**What is expected**.
Print the data below exactly as it appears.

**Source material**.
——————

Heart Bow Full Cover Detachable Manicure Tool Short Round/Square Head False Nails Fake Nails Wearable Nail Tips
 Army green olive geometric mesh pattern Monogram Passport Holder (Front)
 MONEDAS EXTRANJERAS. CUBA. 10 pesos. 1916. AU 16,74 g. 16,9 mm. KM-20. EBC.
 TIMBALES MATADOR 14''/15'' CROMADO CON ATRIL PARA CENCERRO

——————

**Result for this exercise**.
Heart Bow Full Cover Detachable Manicure Tool Short Round/Square Head False Nails Fake Nails Wearable Nail Tips
 Army green olive geometric mesh pattern Monogram Passport Holder (Front)
 MONEDAS EXTRANJERAS. CUBA. 10 pesos. 1916. AU 16,74 g. 16,9 mm. KM-20. EBC.
 TIMBALES MATADOR 14''/15'' CROMADO CON ATRIL PARA CENCERRO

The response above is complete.